Le pape Urbain II. dit le P. Thomassin, condamna en moins de mots, & encore plus clairement, le serment de fidélité & l'hommage dans le concile de Clermont de l'an 1095, ne episcopus vel sacerdos regi vel alicui laïco in manibus ligiam fidelitatem faciat. Part. IV. l. II. ch. liij. p. 220. Lambert, évêque d'Arras, assista à ce concile, & en publia les canons dans un synode qu'il tint en 1097.

En 1114, les troubles qui avoient agité l'Angleterre étant calmés, il se tint un concile auquel présiderent les légats de Paschal II. & dans lequel tous les hommages furent prohibés sans distinction, les barons & autres seigneurs anglois furent assujettis à l'hommage; mais les évêques & les abbés fide & sacramento professi sunt; ils se bornerent, comme il se pratique en France, au seul serment de fidélité.

Quelque tems auparavant, le même pape fut dans la nécessité d'écrire au clergé de Paris la lettre la plus violente contre l'usage qui s'étoit introduit d'exiger des hommages de ceux qui étoient dans un rang inférieur: illud quoque apud quosdam clericorum fieri audivimus, ut videlicet majores prebendarii à minoribus hominia suscipiant. « A toutes ces possessions, dit le P. Thomassin tome III. p. 215. ce n'étoit qu'une protestation de bouche ou par écrit d'un devoir, que tout le monde reconnoissoit être indispensable de garder les canons d'obéir à ses supérieurs ccclésiastiques ». De - là le même P. Thomassin conclud que ce pape n'avoit donc garde « d'exiger des archevêques l'hommage d'un vassal à son seigneur, ou un serment qui ressentît l'hommage».

En 1137, Louis le Gros donne un édit général, par lequel il accorde aux évêques & abbés de l'Aquitaine, qui devoit appartenir à Louis le jeune son fils, du chef de sa femme Eléonore, fille du duc de cette Province; il accorde, dis - je, l'élection canonique sans charge d'hommage à son égard: canonicam omnino concedimus libertatem absque hominii, juramenti, seu fidei per manum datoe obligatione.

En 1165, Adrien IV. reprochoit à l'empereur Frédéric, quid dicam de fidelitate beato Petro & nobis à te promissâ & juratá, quomodo eam observes cum äb iis qui dii sunt, & filii excelsi omnes episcopis videlicet homagium requires.

Enfin cet empereur est convenu que les évêques d'Italie solum sacramentum fidelitatis sine hominio facere debere domino imperatori. Otton, qui étoit évêque de Verceil avant l'an 1000, fait entendre par ses lettres, que de son tems les évêques d'Italie ne prétoient que le serment de fidélité aux empereurs pour les fiefs attachés à leurs bénéfices.

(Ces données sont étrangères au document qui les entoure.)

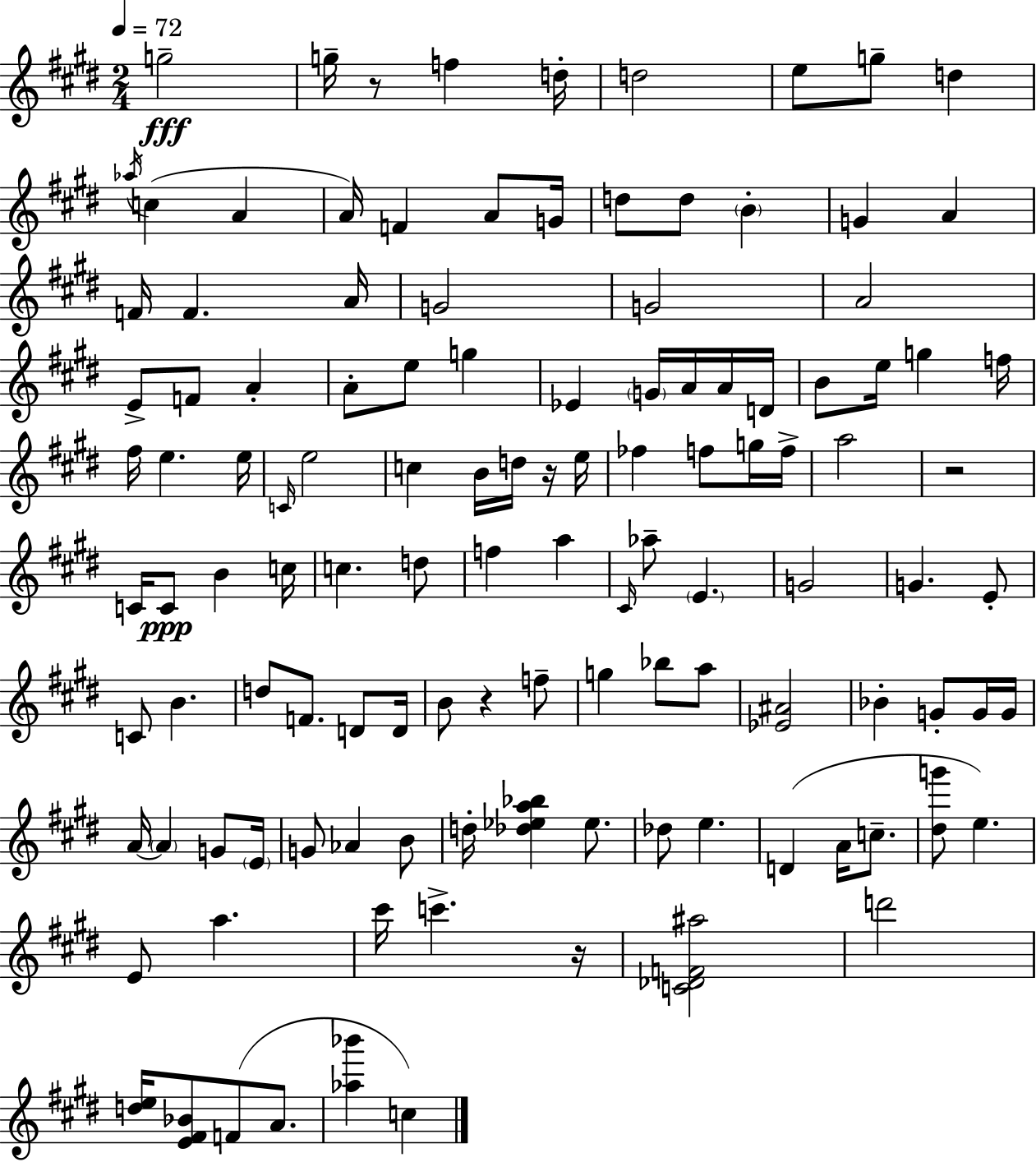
{
  \clef treble
  \numericTimeSignature
  \time 2/4
  \key e \major
  \tempo 4 = 72
  \repeat volta 2 { g''2--\fff | g''16-- r8 f''4 d''16-. | d''2 | e''8 g''8-- d''4 | \break \acciaccatura { aes''16 }( c''4 a'4 | a'16) f'4 a'8 | g'16 d''8 d''8 \parenthesize b'4-. | g'4 a'4 | \break f'16 f'4. | a'16 g'2 | g'2 | a'2 | \break e'8-> f'8 a'4-. | a'8-. e''8 g''4 | ees'4 \parenthesize g'16 a'16 a'16 | d'16 b'8 e''16 g''4 | \break f''16 fis''16 e''4. | e''16 \grace { c'16 } e''2 | c''4 b'16 d''16 | r16 e''16 fes''4 f''8 | \break g''16 f''16-> a''2 | r2 | c'16 c'8\ppp b'4 | c''16 c''4. | \break d''8 f''4 a''4 | \grace { cis'16 } aes''8-- \parenthesize e'4. | g'2 | g'4. | \break e'8-. c'8 b'4. | d''8 f'8. | d'8 d'16 b'8 r4 | f''8-- g''4 bes''8 | \break a''8 <ees' ais'>2 | bes'4-. g'8-. | g'16 g'16 a'16~~ \parenthesize a'4 | g'8 \parenthesize e'16 g'8 aes'4 | \break b'8 d''16-. <des'' ees'' a'' bes''>4 | ees''8. des''8 e''4. | d'4( a'16 | c''8.-- <dis'' g'''>8 e''4.) | \break e'8 a''4. | cis'''16 c'''4.-> | r16 <c' des' f' ais''>2 | d'''2 | \break <d'' e''>16 <e' fis' bes'>8 f'8( | a'8. <aes'' bes'''>4 c''4) | } \bar "|."
}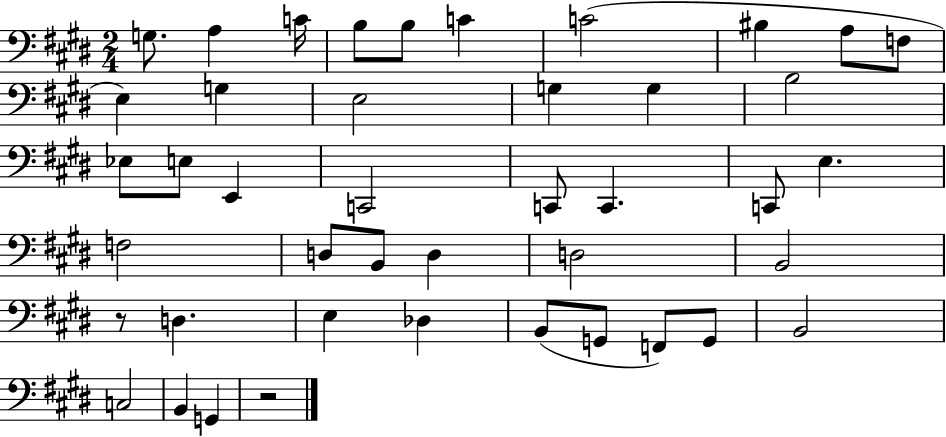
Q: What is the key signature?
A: E major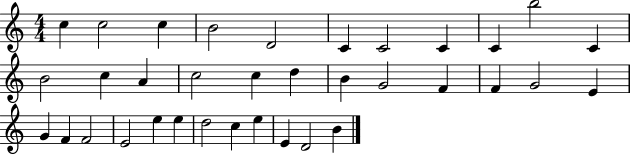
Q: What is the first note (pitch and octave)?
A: C5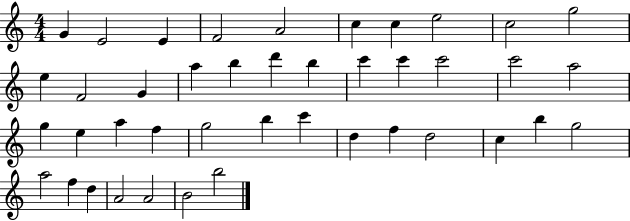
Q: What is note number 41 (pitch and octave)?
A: B4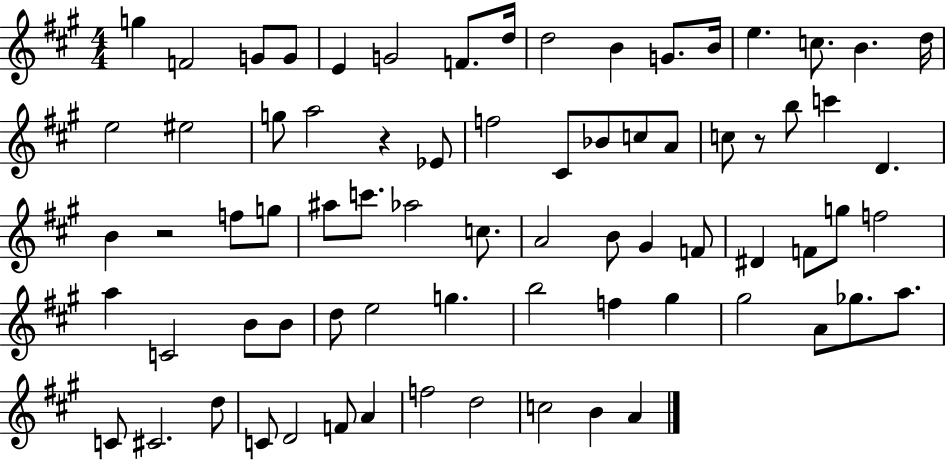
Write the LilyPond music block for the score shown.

{
  \clef treble
  \numericTimeSignature
  \time 4/4
  \key a \major
  g''4 f'2 g'8 g'8 | e'4 g'2 f'8. d''16 | d''2 b'4 g'8. b'16 | e''4. c''8. b'4. d''16 | \break e''2 eis''2 | g''8 a''2 r4 ees'8 | f''2 cis'8 bes'8 c''8 a'8 | c''8 r8 b''8 c'''4 d'4. | \break b'4 r2 f''8 g''8 | ais''8 c'''8. aes''2 c''8. | a'2 b'8 gis'4 f'8 | dis'4 f'8 g''8 f''2 | \break a''4 c'2 b'8 b'8 | d''8 e''2 g''4. | b''2 f''4 gis''4 | gis''2 a'8 ges''8. a''8. | \break c'8 cis'2. d''8 | c'8 d'2 f'8 a'4 | f''2 d''2 | c''2 b'4 a'4 | \break \bar "|."
}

En 1164, Henri II. roi d'Angleterre avoit fait le reglement suivant: Electus homagium & fidelitatem qui sicut ligio domino salvo ordine suo faciat priusquam consecretur. Saint Thomas de Cantorbery ne voulut faire que le serment de fidélité, fidelitatem & juraverat; ce que ce saint croyoit devoir être suffisant. Cette premiere fermeté à soutenir les immunités ecclésiastiques fut le premier pas vers le martyre.

Le quatrieme concile général de Latran de 1215, appellé le grand, par le nombre prodigieux d'évêques qui s'y trouverent & auquel présida Innocent III. défend de nouveau aux ecclésiastiques la foi & hommage; les mêmes défenses furent confirmées en 1250, tant la vanité se trouvoit flattée de ces sortes d'assujettissemens, ne aliqua soecularis persona contra statuta hujusmodi quidquam attentare, aut à vobis vel successobus vestris, homagii vel fidelitatis exigere seu oblatum audeat recipere sacramentum.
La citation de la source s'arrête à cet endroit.